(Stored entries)
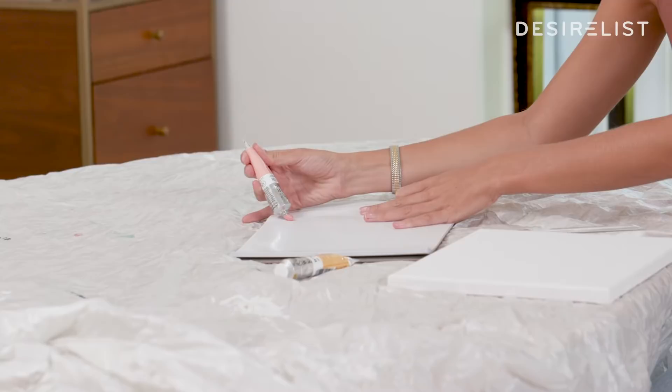These are the disposable palettes that I talked about earlier. These are really great when it comes to saving money and for people who are lazy like me.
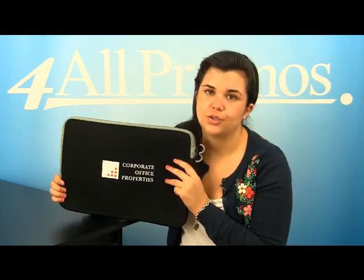The pricing on our website already includes a one-color imprint, and we can imprint more colors at an additional cost if you need it.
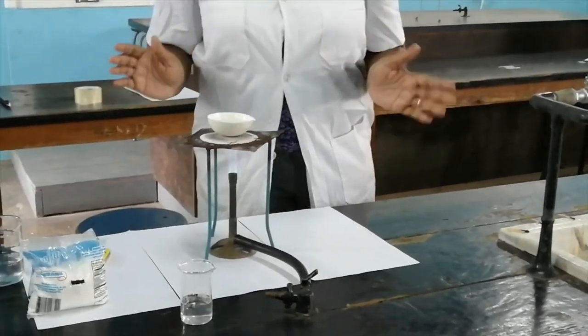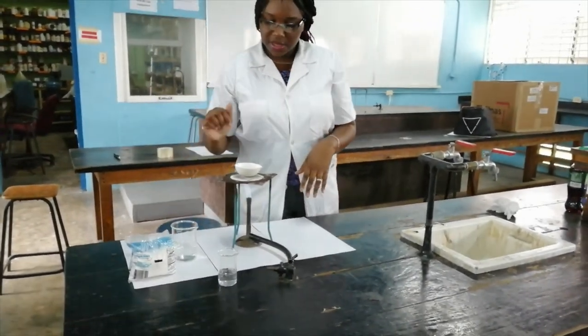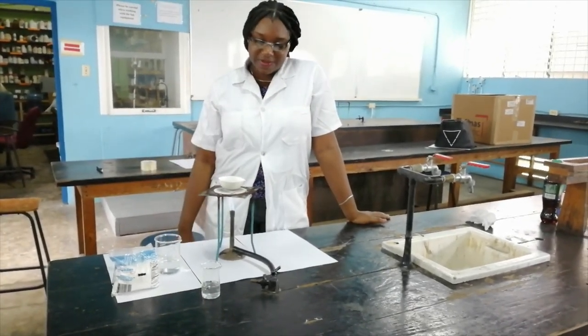This will take quite a while for all this solvent — which is the tap water we used — to evaporate and leave the salt behind. So we're just going to take a short break and then when it's almost finished we'll continue recording.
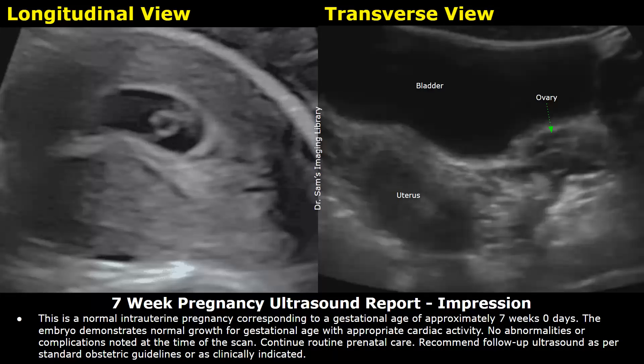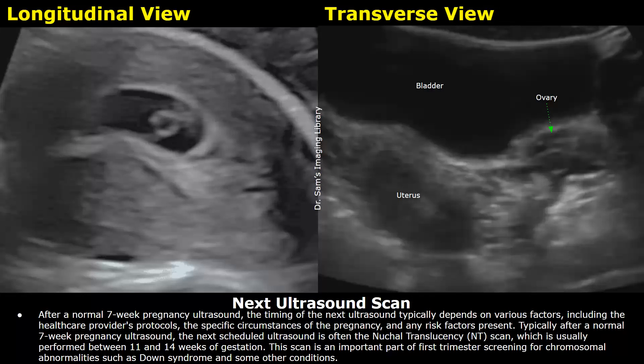After a 7-week pregnancy ultrasound, recommend follow-up ultrasound as per standard obstetric guidelines or as clinically indicated. The timing of the next scan can vary depending on various factors, but usually the next scan after a 7-week ultrasound is the nuchal translucency scan, done between 11 and 14 weeks of gestation. It is an important part of first trimester screening for chromosomal abnormalities such as Down syndrome and other conditions. Thank you so much for watching — please subscribe and stay tuned for more imaging videos.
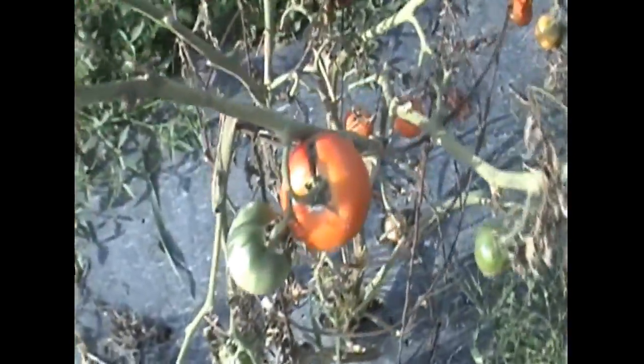I showed you the white currants, showed you the big rainbows, showed you the strain that died out very quickly — I don't remember what strain that was, I'll have to look it up. The so-let tomatoes are hanging in there. They're like a table slicer kind of thing, but you can see the blight is putting a hurt on them too.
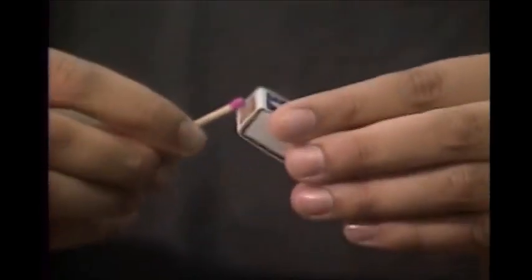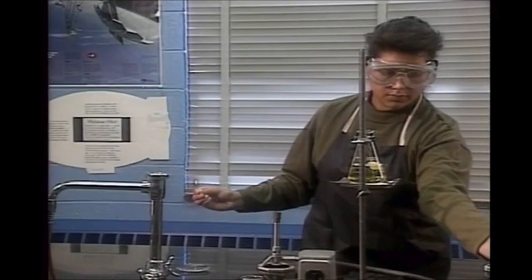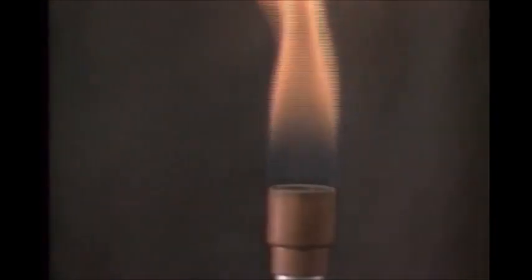When using a match, strike it away from you. Turn the gas on after the match is burning. That way, gas won't escape while you're striking the match. Light the gas from the side so the match isn't blown out.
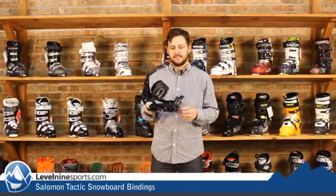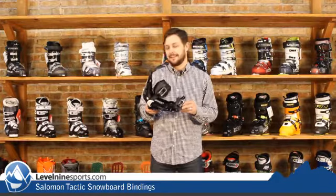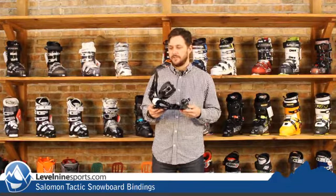Hey, it's Nicholas from Level 9 Sports. This is the Salomon Tactic Snowboard Binding — not tactical, Tactic. Great entry level price point snowboard binding. Got a lot of good features to it.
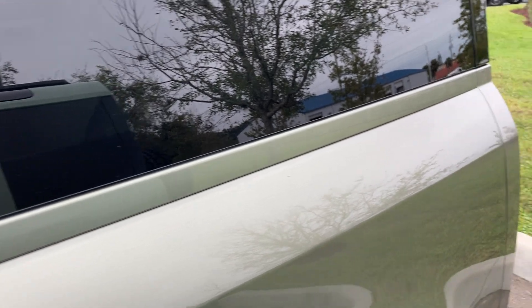Hello everyone. Thank you for joining me today. I'll show you this brand spanking new 2023 Range Rover Defender 90S.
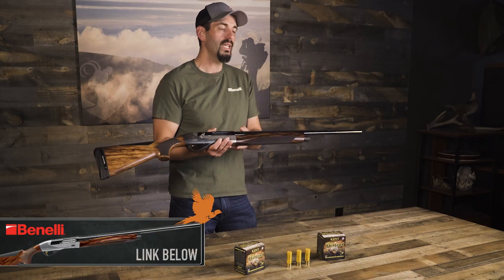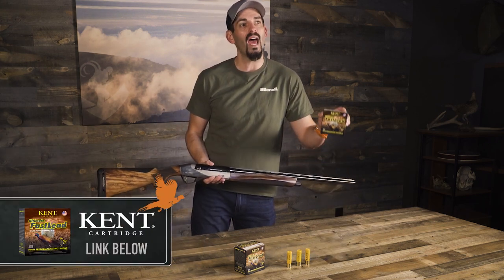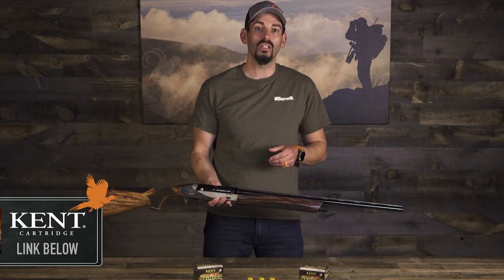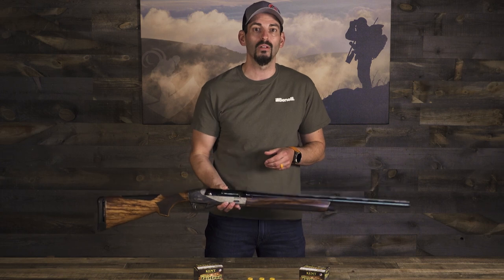I use the Ethos in a 20 gauge with an improved choke, matched with Kent's number seven and a half in the fast lead. This is about the best combination you can get when woodcock hunting, especially in thick cover, knowing it's a sporadic bird.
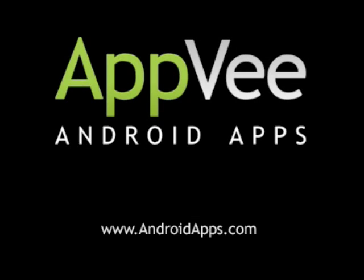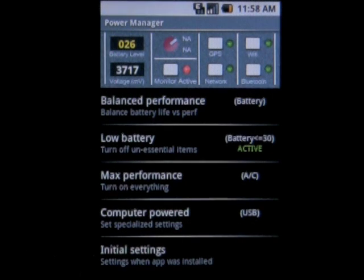This review of PowerManager is brought to you by AndroidApps.com. PowerManager is an app for the Android platform that allows you to configure your device to modify its settings based on its power level. This is a really handy app that will help you get the most out of your phone, regardless of how you use it.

Exercise details
Look above for the line with "The pricing on", then print it and each line after it down to and including the line with "When using a". Leave out the pictures and keep the wording exact.

Problem solution
The pricing on our website already includes a one-color imprint, and we can imprint more colors at an additional cost if you need it.
This will take quite a while for all this solvent — which is the tap water we used — to evaporate and leave the salt behind. So we're just going to take a short break and then when it's almost finished we'll continue recording.
After a 7-week pregnancy ultrasound, recommend follow-up ultrasound as per standard obstetric guidelines or as clinically indicated. The timing of the next scan can vary depending on various factors, but usually the next scan after a 7-week ultrasound is the nuchal translucency scan, done between 11 and 14 weeks of gestation. It is an important part of first trimester screening for chromosomal abnormalities such as Down syndrome and other conditions. Thank you so much for watching — please subscribe and stay tuned for more imaging videos.
I showed you the white currants, showed you the big rainbows, showed you the strain that died out very quickly — I don't remember what strain that was, I'll have to look it up. The so-let tomatoes are hanging in there. They're like a table slicer kind of thing, but you can see the blight is putting a hurt on them too.
When using a match, strike it away from you. Turn the gas on after the match is burning. That way, gas won't escape while you're striking the match. Light the gas from the side so the match isn't blown out.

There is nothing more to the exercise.